▸ Instructions for the task: Please reproduce all of the listing below exactly and drop its images.
----------
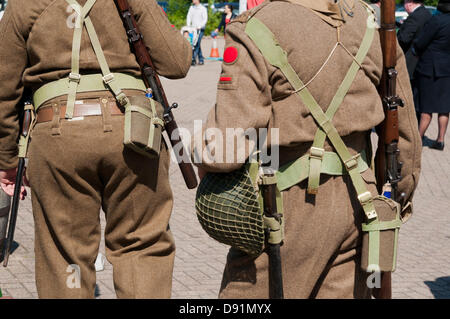 Hampshire, England, Vereinigtes Königreich. 8. Juni 2013. Krieg auf der Linie, ein Re-Enactment aller Dinge, die dem zweiten Weltkrieg auf der Mitte Hants Brunnenkresse Bahnstrecke in Hampshire gefeiert wird. Re-Enactment Gesellschaften dress in allen militärischen Insignien wie sind alle auf dem Display, mit einer Reihe von Dampf Eisenbahn Passagiere zu verschiedenen Stationen entlang der Strecke, die an der Veranstaltung teilgenommen, Musik, Leben auf der Heimatfront und Fahrzeuge der Epoche. Bildnachweis: Patricia Phillips/Alamy Live-Nachrichten Stockfoto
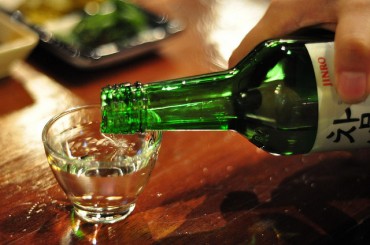 Using Soju to Wash Vegetables Can Reduce Germs, Bacteria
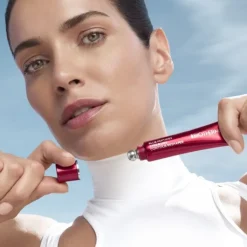 Biotherm Blue Peptides Eyes & Lips Reshaper Baume Contours des Yeux et des Lèvres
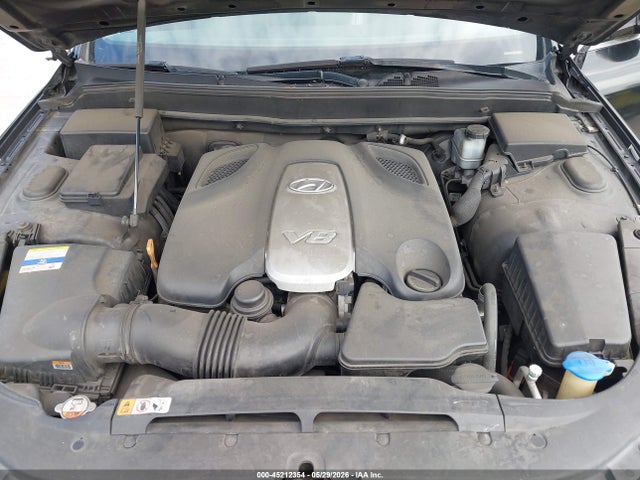 45212354 :رقم المزاد ، KMHGC4DF2CU168761 vin ، 2012 Hyundai Genesis 4.6 مزاد بيع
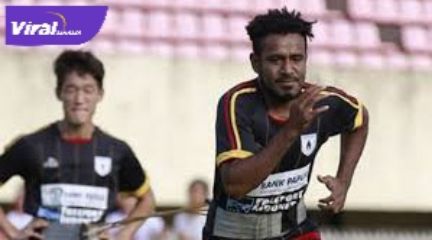 Ronaldo Meosido pemain baru Sriwijaya FC saat masih berseragam Persipura Jayapura. Foto : viralsumsel.com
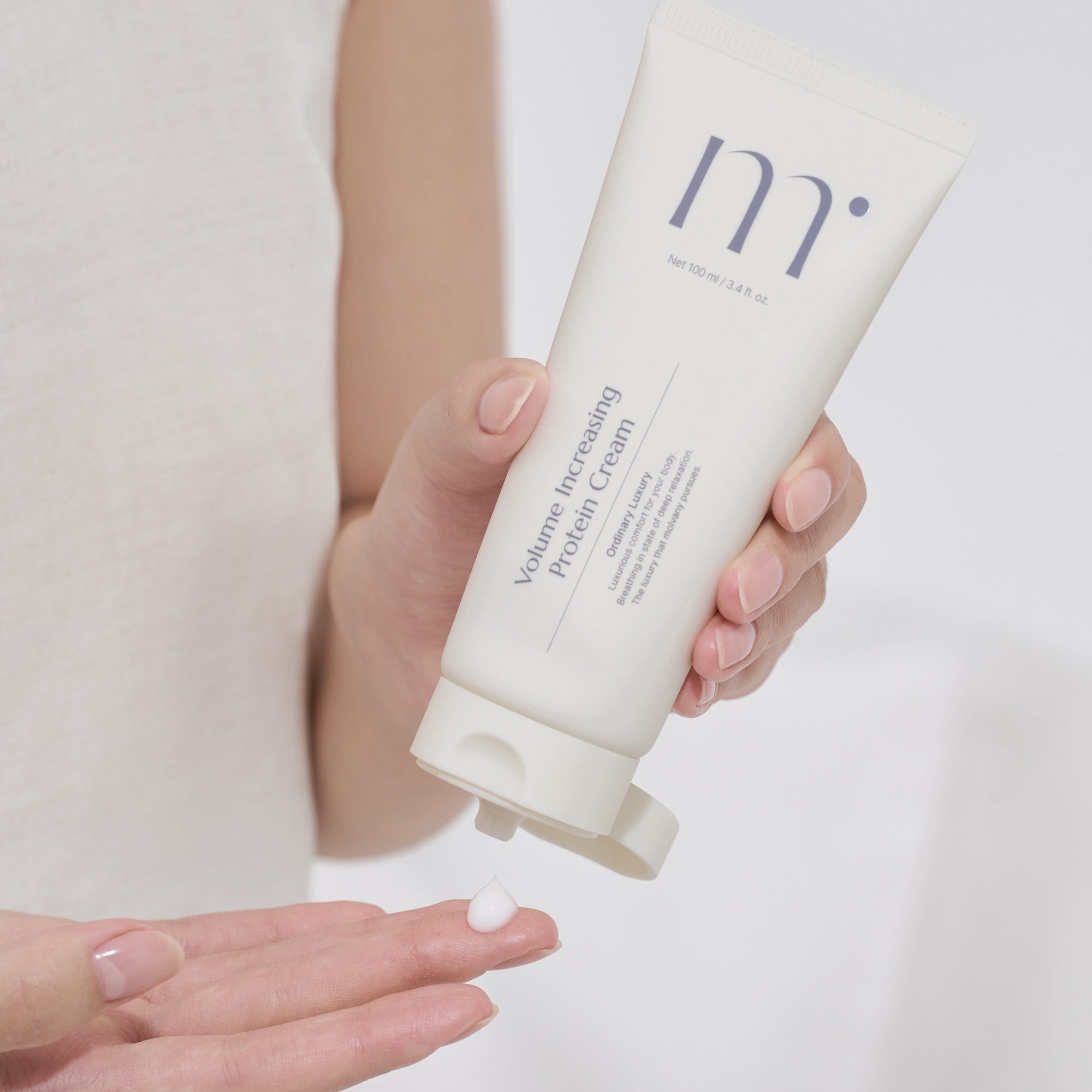 Molvany Protein Cream rich nourishing texture on skin
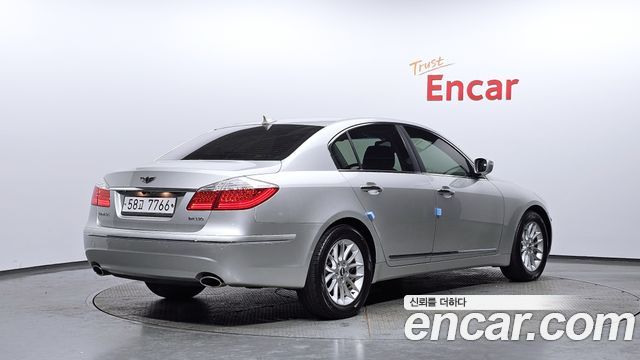 Hyundai Genesis 2011 — photo 2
----------
▸ Task result:
 Hampshire, England, Vereinigtes Königreich. 8. Juni 2013. Krieg auf der Linie, ein Re-Enactment aller Dinge, die dem zweiten Weltkrieg auf der Mitte Hants Brunnenkresse Bahnstrecke in Hampshire gefeiert wird. Re-Enactment Gesellschaften dress in allen militärischen Insignien wie sind alle auf dem Display, mit einer Reihe von Dampf Eisenbahn Passagiere zu verschiedenen Stationen entlang der Strecke, die an der Veranstaltung teilgenommen, Musik, Leben auf der Heimatfront und Fahrzeuge der Epoche. Bildnachweis: Patricia Phillips/Alamy Live-Nachrichten Stockfoto
 Using Soju to Wash Vegetables Can Reduce Germs, Bacteria
 Biotherm Blue Peptides Eyes & Lips Reshaper Baume Contours des Yeux et des Lèvres
 45212354 :رقم المزاد ، KMHGC4DF2CU168761 vin ، 2012 Hyundai Genesis 4.6 مزاد بيع
 Ronaldo Meosido pemain baru Sriwijaya FC saat masih berseragam Persipura Jayapura. Foto : viralsumsel.com
 Molvany Protein Cream rich nourishing texture on skin
 Hyundai Genesis 2011 — photo 2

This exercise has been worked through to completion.